From Porting Models to Custom Silicon to a Tiny LLM That Writes Music: the Story of BookMusic

Table of Contents

“Without deviation from the norm, progress is not possible.” — Frank Zappa

This is the story of a side project that started as “let’s port a cutting-edge music model to custom AWS silicon” and ended as “let’s ask a tiny local LLM to write a few lines of code in a live-coding language”. Same goal, wildly different path.

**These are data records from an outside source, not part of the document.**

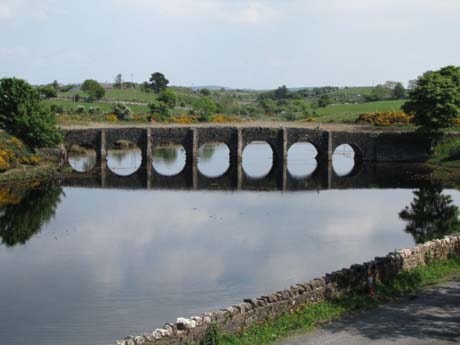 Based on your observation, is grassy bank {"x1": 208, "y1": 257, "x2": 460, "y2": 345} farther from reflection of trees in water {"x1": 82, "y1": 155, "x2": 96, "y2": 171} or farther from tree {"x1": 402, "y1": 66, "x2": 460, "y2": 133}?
reflection of trees in water {"x1": 82, "y1": 155, "x2": 96, "y2": 171}

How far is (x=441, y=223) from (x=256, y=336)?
27921 mm

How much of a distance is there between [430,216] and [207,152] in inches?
2407

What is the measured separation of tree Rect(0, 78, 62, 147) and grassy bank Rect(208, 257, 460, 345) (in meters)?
52.2

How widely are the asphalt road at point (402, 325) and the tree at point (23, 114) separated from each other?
5458 centimetres

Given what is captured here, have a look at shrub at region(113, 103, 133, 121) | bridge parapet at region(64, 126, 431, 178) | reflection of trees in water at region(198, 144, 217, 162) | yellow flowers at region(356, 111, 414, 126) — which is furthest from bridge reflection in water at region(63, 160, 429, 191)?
shrub at region(113, 103, 133, 121)

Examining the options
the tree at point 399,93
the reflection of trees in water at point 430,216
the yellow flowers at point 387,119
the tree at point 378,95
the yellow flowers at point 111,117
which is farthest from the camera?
the tree at point 378,95

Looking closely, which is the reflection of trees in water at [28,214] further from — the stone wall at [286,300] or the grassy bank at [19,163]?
the stone wall at [286,300]

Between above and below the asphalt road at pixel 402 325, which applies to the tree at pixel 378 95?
above

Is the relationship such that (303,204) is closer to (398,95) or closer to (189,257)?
(189,257)

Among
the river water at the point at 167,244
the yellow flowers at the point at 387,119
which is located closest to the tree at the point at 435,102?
the river water at the point at 167,244

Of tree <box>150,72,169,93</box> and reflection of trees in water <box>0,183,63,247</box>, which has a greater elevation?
tree <box>150,72,169,93</box>

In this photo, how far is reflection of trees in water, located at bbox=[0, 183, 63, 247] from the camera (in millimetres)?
42072

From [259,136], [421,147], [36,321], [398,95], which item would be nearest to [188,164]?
[259,136]

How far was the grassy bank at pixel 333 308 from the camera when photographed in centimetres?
2022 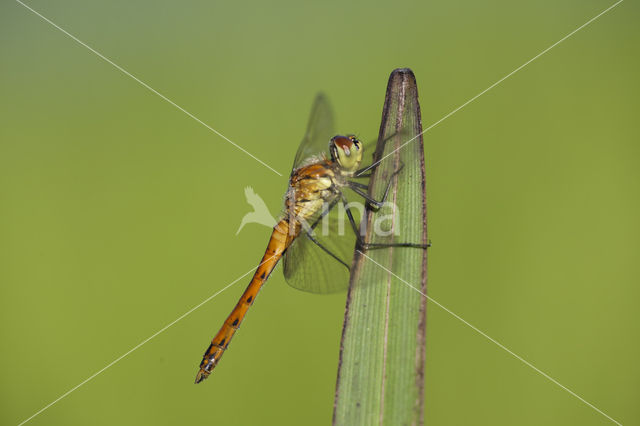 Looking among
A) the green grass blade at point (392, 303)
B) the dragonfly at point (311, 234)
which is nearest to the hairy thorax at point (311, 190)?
the dragonfly at point (311, 234)

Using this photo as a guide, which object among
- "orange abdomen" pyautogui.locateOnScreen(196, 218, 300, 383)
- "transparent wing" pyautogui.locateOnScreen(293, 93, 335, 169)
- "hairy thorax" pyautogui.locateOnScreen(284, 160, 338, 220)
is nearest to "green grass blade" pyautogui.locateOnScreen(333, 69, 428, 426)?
"hairy thorax" pyautogui.locateOnScreen(284, 160, 338, 220)

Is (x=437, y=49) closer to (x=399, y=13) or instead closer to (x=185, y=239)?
(x=399, y=13)

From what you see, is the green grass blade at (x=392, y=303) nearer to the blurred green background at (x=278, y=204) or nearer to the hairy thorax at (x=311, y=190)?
the hairy thorax at (x=311, y=190)

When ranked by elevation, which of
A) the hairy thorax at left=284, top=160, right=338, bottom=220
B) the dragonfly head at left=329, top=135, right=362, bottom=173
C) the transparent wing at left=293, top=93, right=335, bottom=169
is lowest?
the hairy thorax at left=284, top=160, right=338, bottom=220

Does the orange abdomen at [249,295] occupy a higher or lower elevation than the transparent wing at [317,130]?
lower

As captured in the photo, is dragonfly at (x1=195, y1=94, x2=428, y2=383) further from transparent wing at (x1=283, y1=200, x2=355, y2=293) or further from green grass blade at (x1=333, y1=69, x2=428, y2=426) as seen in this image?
green grass blade at (x1=333, y1=69, x2=428, y2=426)

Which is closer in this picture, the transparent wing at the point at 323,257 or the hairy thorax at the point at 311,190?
the transparent wing at the point at 323,257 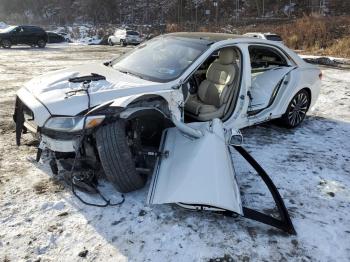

And the journey taught me something I think is worth sharing: with today’s AI tools, getting things done is fast and almost cheap. The scarce resource isn’t execution anymore. It’s having an idea that’s actually different.

Where it started: SpectroStream and Magenta RT #

It all began with a paper: SpectroStream, a neural audio codec from Google that compresses 48 kHz stereo music into discrete tokens. It’s the codec behind Magenta RealTime, Google’s open-weights model that generates music in real time as a stream of audio tokens.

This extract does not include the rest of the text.